Dans
l’Introduction à l’Anthropologie, Foucault rend hommage à l’
Anthropologie « pragmatique
» de Kant, malgré la critique acérée qu’il adresse à l’« anthropologie philosophique »
post-kantienne. Car, loin de faire jouer le rôle d’une
Critique à la connaissance empirique de
l’homme, Kant s’y interroge sur les divers aspects du rapport à soi des sujets en mobilisant le
concept d’« usage » (
Gebrauch), qu’il saisit à la fois au niveau de l’« art » (
Kunst) et du « langage
» (
Sprache) : ce sont ces « usages » qui constituent autant de systèmes régulateurs, sans
cesse renouvelés, de la connaissance et du comportement des « citoyens du monde ». L’
Anthropologie
« répète » ainsi la
Critique de la Raison pure et la
Critique de la Raison pratique
au niveau empirique des hommes dans le monde, tout en évitant la confusion entre l’
a priori
et l’
originaire. Et elle ouvre en même temps la voie à la « philosophie transcendantale » de
l’
Opus postumum, dans laquelle la « finitude » humaine est définie comme le « pli » de la « totalité
» (Ganz) : source de la « temporalité » et de la « dispersion », cette auto-affection du
« monde » offre le fondement du rapport à la « vérité » et à la « liberté » des hommes.
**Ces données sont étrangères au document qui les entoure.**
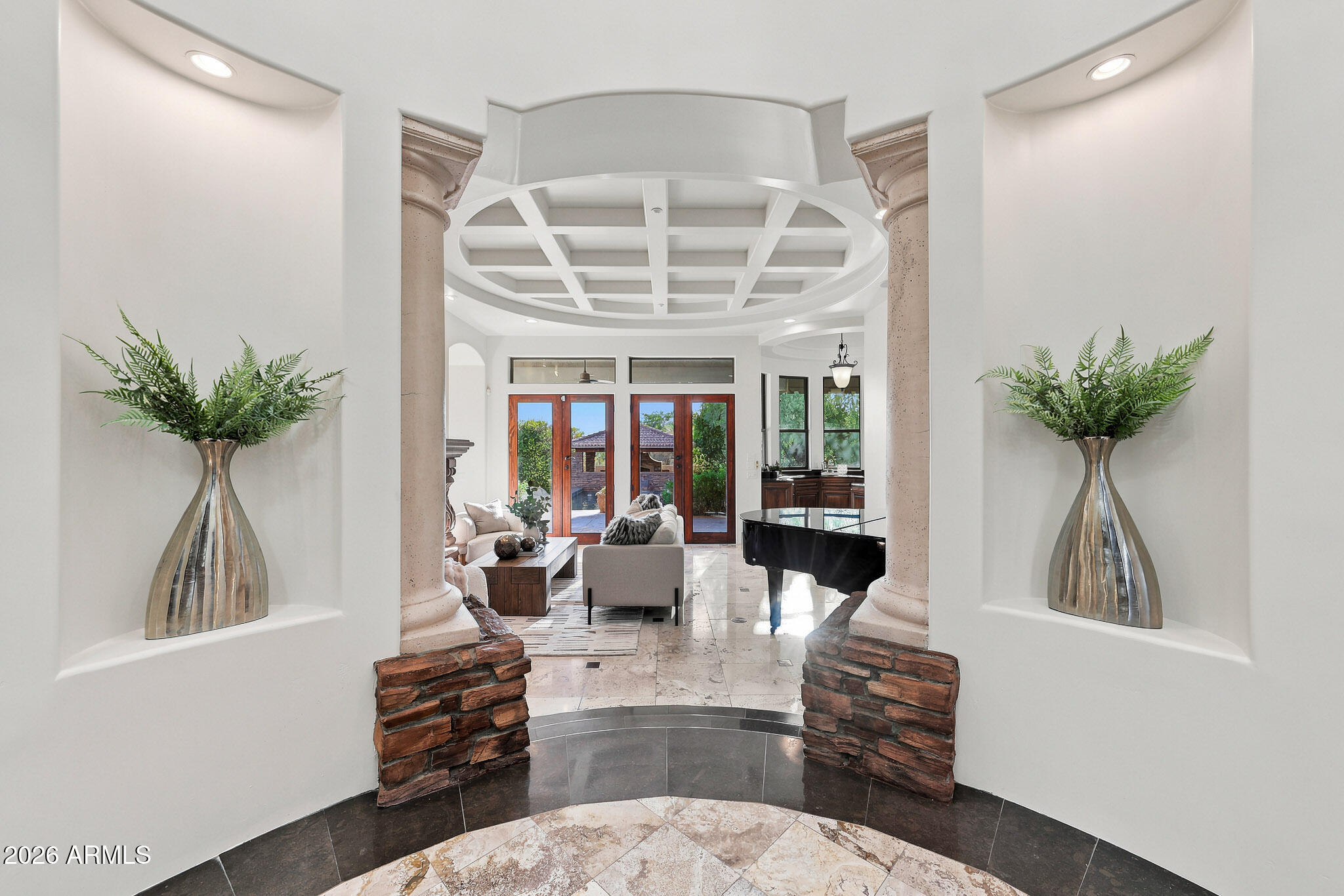 26804 N 70TH Place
En remaniant
ainsi l’interprétation ontologique de Kant selon le Heidegger du
Kant Buch, Foucault
s’écarte de la perspective heidegerrienne et se revendique de l’anthropologie kantienne,
pour s’orienter vers la « critique historique », dont l’ « archéologie du savoir » et la « généalogie
du pouvoir » seront des avatars ultérieurs.